As audio/visual integration professionals, do we actually fulfill our customer’s needs in each one of these applications? They may seem very similar, but in fact, all have very distinct differences, and this is one aspect that is extremely difficult to achieve.
Take a look at 3 different ways to listen to music in the places around you:
- Simple background music is a source that plays in stores, airports, or lobby ways of public areas and are the most basic of the background music that we provide. This type of music gives off some audible distraction so that it is not completely quiet in the environment. This is very basic and not as noticeable to guests.

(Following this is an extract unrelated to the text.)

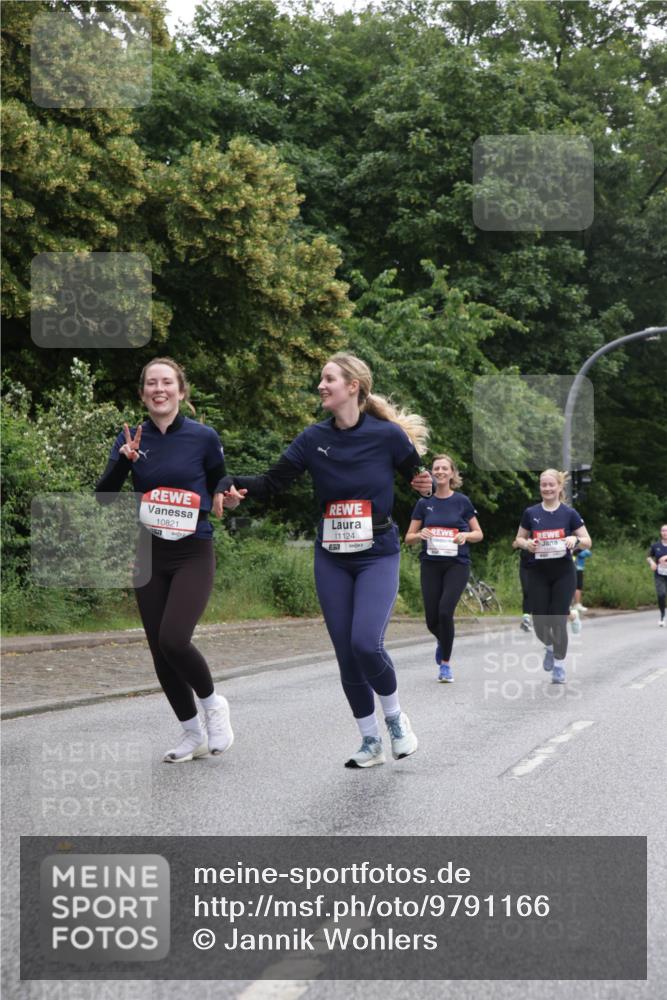 14.06.2026 - REWE Women's Run Jannik Wohlers http://msf.ph/oto/9791166 14.06.2026 10:05:11 Laufen 10821, 11124 meine-sportfotos.de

- Restaurant background music is in no way the same as the simple background music as mentioned above. We are providing more than simple background audible distraction in this application. The music should be part of the atmosphere of the restaurant and help provide the atmosphere as well as create a tone and set a mood in the restaurant. As the restaurant fills with patrons the music should increase in level but too loudly. Music should assist in continuing the tone and mood. It should never create more noise to where the customers feel the need to raise their voices to be heard while talking amidst of their group. This is something an audio/visual integration professional should accomplish for those types of installations.
- Bar music systems are very different from the others and have a few different types and styles of applications. If a bar wants music driving the level, it will depend on the source of that music. Is it a juke box? Online music? Live instrumentation with musicians and vocalists? All of these have specific and yet very different types of equipment and installations. There is not a 1 system fits all solution. They all are to be evaluated independently and completely custom.
A. Bar music from a juke box or an online streaming music will have relatively high output “Commercial Series” speakers and amplifiers capable of powering those speakers at increased volume levels compared to that of in average restaurant background music system for extended periods of time.
B. Bar music from that of a DJ, in more of a high energy bar or night club environment, would require speakers and amplifiers that of what can be “Commercial or Pro Equipment” with the capabilities of much higher volume levels and including subwoofers for the type of dance music and sustained levels expected in these types of establishments.
C. Bar music, consisting of primarily live performance and sound reinforcement of musicians, instrumentation and vocalists requires what is considered “Pro Gear” with higher quality, power, clarity and volume sustainability along with pro performance loudspeakers and professional digital mixing consoles, microphones and input capabilities far more elaborate than the basic online music or juke box.
All of these have independent and very specific types of equipment and setups as well. An Audio/Visual Integration Professional is necessary to help achieve these goals as well as recognize the need and have solutions for all.